**WORK TO BE COMPLETED**
From the line containing "Les 5 Meilleures" down to the line containing "Resim OEM Skoda" in the records below, reproduce every line exactly, ends included, and omit all others.

**DATASET**

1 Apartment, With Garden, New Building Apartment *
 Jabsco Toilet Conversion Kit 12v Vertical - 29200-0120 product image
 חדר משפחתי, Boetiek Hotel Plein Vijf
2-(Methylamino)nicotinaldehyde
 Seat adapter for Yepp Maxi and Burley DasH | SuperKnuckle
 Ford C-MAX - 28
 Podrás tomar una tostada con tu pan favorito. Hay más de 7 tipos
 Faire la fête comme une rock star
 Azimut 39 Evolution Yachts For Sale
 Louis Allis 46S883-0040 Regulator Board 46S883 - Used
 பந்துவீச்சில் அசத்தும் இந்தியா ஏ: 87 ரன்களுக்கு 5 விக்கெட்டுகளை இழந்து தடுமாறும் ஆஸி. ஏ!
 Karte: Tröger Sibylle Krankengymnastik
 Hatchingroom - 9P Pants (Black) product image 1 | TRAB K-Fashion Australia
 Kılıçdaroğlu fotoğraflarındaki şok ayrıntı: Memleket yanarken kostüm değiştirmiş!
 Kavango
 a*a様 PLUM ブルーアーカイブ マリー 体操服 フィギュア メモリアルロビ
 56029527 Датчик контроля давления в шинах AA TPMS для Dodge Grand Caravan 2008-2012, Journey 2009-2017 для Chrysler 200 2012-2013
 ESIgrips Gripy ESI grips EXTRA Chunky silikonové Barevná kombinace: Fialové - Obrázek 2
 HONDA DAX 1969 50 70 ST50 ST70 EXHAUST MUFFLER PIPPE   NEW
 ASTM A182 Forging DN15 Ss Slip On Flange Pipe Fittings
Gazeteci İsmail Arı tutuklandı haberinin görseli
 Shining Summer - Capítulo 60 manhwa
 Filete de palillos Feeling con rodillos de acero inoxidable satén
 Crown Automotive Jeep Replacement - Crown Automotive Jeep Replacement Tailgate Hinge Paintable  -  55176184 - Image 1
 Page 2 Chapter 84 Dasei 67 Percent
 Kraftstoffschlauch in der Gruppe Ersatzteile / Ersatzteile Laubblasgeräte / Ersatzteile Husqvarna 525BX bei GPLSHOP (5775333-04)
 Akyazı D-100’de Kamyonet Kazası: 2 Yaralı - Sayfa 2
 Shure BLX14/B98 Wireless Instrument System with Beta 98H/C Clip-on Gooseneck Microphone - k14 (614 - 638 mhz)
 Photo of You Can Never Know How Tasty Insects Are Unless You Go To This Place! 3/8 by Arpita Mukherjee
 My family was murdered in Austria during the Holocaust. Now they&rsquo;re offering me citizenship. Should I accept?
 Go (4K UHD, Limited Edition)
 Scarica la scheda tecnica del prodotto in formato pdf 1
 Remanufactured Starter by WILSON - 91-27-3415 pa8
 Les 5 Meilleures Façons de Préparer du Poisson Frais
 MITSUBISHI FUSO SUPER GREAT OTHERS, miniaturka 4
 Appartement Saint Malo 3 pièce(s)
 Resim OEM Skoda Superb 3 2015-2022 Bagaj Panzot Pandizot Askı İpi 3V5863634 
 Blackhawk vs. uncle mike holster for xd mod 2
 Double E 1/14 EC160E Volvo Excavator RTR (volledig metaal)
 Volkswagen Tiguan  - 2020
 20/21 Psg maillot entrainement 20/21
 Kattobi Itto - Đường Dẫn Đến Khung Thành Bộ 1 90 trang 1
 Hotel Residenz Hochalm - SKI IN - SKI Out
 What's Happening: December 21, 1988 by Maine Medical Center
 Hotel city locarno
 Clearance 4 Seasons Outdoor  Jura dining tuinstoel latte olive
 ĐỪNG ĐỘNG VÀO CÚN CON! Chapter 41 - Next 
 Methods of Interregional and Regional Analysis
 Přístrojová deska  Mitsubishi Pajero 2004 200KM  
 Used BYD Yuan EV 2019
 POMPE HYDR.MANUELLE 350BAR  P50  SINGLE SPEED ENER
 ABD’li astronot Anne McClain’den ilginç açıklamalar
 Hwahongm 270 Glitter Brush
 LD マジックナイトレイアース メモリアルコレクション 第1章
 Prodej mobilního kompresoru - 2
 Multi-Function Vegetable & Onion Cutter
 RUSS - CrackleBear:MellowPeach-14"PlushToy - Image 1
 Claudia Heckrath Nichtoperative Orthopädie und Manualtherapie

**REPLY TO THE EXERCISE**
 Les 5 Meilleures Façons de Préparer du Poisson Frais
 MITSUBISHI FUSO SUPER GREAT OTHERS, miniaturka 4
 Appartement Saint Malo 3 pièce(s)
 Resim OEM Skoda Superb 3 2015-2022 Bagaj Panzot Pandizot Askı İpi 3V5863634 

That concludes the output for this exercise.